> **Description of the task**: In the entries below, repeat only the lines between those holding "Kwalifikacja wojskowa wkrótce" and "20. Fishing Dock", inclusive. Leave pictures out.

> **Supplied records**:
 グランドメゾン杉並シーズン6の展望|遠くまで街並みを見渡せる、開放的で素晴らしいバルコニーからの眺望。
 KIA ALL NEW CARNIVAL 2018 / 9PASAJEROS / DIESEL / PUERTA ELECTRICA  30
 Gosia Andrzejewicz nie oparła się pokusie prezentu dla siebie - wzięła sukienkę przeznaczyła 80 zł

--

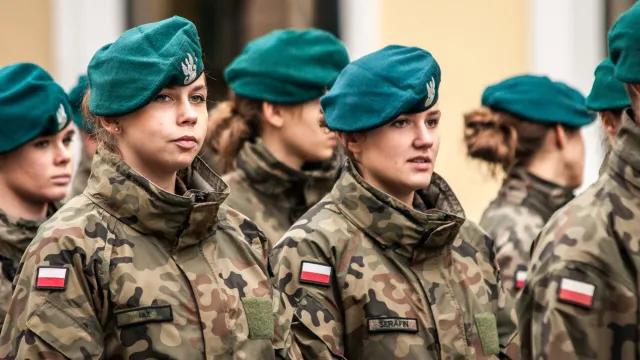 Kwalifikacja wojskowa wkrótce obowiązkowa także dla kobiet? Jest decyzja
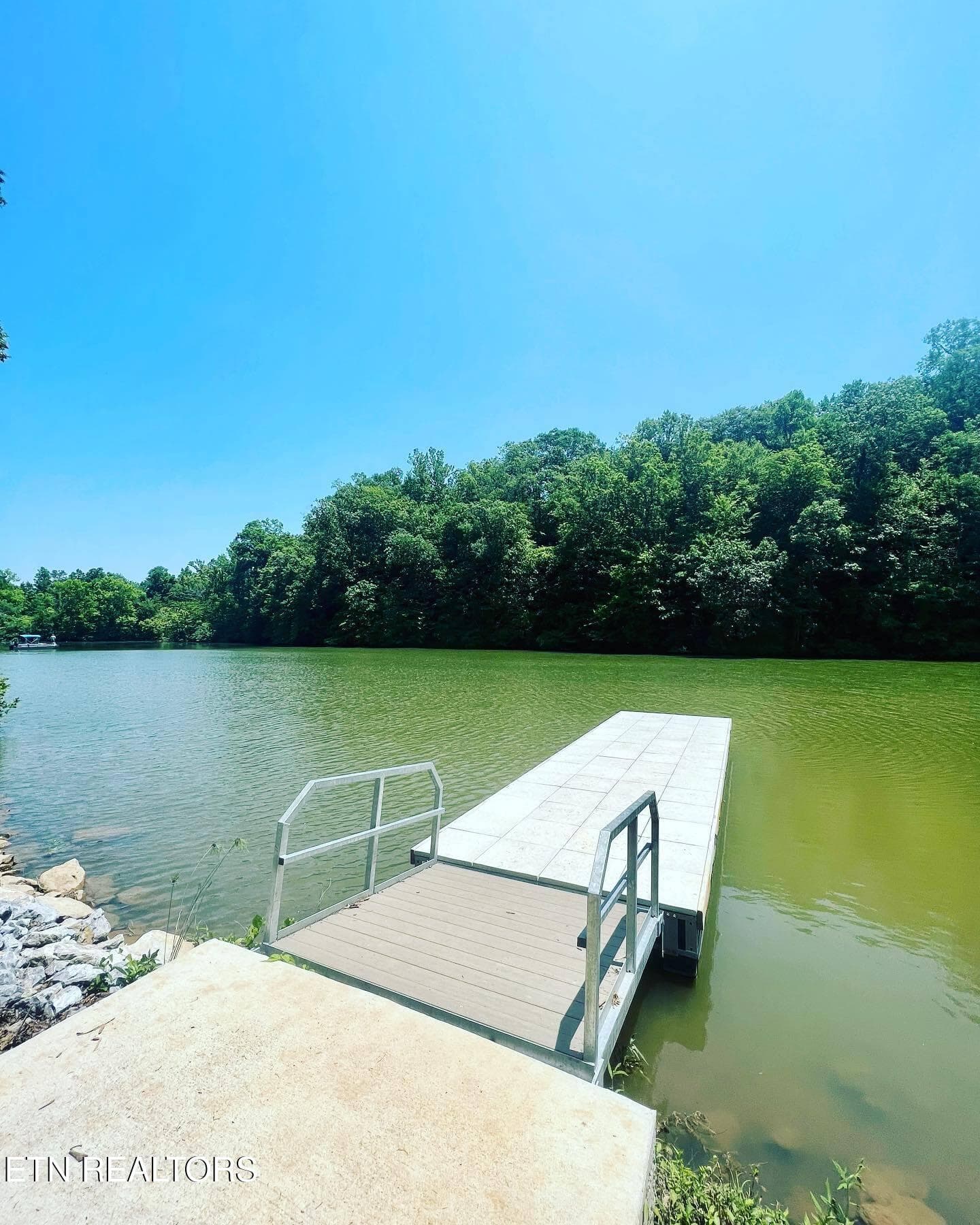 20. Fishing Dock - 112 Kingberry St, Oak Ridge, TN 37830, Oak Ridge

> **Response for this exercise**:
 Kwalifikacja wojskowa wkrótce obowiązkowa także dla kobiet? Jest decyzja
 20. Fishing Dock - 112 Kingberry St, Oak Ridge, TN 37830, Oak Ridge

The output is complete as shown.